I didn’t understand what you mean by sort my column that has string based indices. The whole dataframe has string indices instead of numbers.
I really don’t have a clue of how to proceed, any further help will be of great help.
I already managed to read the json file by converting it to a string, as shown in the picture above. But I don’t know how to have it opened as the Dataframe that it is.
Ah got it! So, actually, I think the simplest way may be this:
- Open up your files again as pandas dataframes (within Python)
- Write these dataframes to CSVs instead
- Use CSV.jl to open the CSV into a DataFrame via DataFrames.jl (within Julia)
- Continue with your analysis.
Does that work for your needs?
I converted one of the json files to csv within python to test your solution. My problem now is that I do not know how to open it as a dataframe as you suggest? Do you have the code for that? Thanks again!

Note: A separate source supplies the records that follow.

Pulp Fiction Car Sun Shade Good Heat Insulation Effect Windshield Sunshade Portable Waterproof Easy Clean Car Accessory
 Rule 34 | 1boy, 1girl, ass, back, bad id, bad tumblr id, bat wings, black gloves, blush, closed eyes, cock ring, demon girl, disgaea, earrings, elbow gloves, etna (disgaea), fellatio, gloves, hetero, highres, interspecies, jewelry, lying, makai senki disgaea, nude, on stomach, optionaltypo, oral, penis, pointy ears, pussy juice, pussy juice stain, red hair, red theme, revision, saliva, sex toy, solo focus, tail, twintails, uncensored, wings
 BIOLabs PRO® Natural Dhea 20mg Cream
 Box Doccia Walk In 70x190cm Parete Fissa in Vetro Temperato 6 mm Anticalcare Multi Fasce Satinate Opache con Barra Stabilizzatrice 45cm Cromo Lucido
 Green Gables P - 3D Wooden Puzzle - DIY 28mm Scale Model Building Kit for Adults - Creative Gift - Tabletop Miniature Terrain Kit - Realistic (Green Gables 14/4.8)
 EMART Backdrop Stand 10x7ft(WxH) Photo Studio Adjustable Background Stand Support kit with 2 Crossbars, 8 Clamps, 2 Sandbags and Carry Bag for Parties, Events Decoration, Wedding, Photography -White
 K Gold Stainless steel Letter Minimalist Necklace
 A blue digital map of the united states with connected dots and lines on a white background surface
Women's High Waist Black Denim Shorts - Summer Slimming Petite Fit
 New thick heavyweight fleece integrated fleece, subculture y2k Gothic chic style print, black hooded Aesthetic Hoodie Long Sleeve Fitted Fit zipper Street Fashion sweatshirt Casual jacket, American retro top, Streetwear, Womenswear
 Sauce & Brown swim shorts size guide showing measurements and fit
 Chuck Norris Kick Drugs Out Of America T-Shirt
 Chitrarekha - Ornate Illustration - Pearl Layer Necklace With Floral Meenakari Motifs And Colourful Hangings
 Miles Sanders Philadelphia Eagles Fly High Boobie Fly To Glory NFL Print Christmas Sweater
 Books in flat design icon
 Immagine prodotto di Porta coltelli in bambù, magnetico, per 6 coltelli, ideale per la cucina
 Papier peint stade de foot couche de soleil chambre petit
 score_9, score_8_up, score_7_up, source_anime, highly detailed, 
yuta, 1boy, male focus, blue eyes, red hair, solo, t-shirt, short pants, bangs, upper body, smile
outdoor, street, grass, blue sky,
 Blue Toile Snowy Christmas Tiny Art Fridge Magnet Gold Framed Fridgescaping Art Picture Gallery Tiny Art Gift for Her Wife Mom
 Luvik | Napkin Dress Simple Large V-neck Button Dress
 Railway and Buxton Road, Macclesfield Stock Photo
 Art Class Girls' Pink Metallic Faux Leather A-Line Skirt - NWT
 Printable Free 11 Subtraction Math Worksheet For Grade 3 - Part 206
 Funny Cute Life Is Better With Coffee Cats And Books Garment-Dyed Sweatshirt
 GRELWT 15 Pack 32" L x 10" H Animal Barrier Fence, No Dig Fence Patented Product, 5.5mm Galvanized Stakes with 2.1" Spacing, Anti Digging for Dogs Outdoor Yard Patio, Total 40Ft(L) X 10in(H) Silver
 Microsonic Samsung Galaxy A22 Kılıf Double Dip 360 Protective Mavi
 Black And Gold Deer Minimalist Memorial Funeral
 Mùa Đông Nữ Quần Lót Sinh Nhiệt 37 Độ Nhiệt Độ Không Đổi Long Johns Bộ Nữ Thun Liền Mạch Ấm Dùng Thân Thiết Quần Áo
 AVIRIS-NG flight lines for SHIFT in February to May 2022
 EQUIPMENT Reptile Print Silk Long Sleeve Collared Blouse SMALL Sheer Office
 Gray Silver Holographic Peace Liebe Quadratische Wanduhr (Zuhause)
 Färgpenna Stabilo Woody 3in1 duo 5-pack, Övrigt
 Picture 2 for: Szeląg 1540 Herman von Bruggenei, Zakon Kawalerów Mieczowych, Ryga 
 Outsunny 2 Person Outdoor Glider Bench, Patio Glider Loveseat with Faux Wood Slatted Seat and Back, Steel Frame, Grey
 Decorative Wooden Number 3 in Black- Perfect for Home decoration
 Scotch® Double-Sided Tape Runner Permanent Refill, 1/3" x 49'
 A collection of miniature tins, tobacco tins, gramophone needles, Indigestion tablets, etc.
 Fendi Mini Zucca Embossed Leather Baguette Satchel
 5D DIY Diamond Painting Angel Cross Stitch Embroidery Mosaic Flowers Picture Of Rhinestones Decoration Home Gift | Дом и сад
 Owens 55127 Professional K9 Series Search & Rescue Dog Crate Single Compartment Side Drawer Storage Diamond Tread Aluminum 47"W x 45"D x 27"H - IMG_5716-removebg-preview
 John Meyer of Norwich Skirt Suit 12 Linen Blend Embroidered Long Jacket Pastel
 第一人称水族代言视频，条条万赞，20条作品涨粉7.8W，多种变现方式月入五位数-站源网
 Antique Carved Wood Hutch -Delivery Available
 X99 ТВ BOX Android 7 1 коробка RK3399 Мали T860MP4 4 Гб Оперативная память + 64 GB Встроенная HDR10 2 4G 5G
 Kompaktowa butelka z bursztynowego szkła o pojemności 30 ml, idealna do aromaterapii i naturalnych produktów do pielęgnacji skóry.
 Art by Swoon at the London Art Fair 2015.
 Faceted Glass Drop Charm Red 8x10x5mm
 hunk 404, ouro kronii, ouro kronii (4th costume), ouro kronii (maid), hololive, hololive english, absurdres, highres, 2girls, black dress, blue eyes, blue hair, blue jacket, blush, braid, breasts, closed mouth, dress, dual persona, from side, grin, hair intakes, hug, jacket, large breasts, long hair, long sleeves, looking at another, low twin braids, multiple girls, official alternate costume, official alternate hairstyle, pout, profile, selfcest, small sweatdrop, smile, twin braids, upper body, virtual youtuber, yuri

I wonder if JSONTables.jl might work here…
using JSONTables, DataFrames
json_string = read("00_stats.json", String)
jtable = JSONTables.jsontable(json_string)
df = DataFrame(jtable)
(Of course, I haven’t tested this against your file format.)
Thanks for your help. I got the following error:
ArgumentError: input JSON3.Object
must only have JSON3.Array
values to be considered a table
Stacktrace:
[1] jsontable(x::JSON3.Object{Base.CodeUnits{UInt8, String}, Vector{UInt64}})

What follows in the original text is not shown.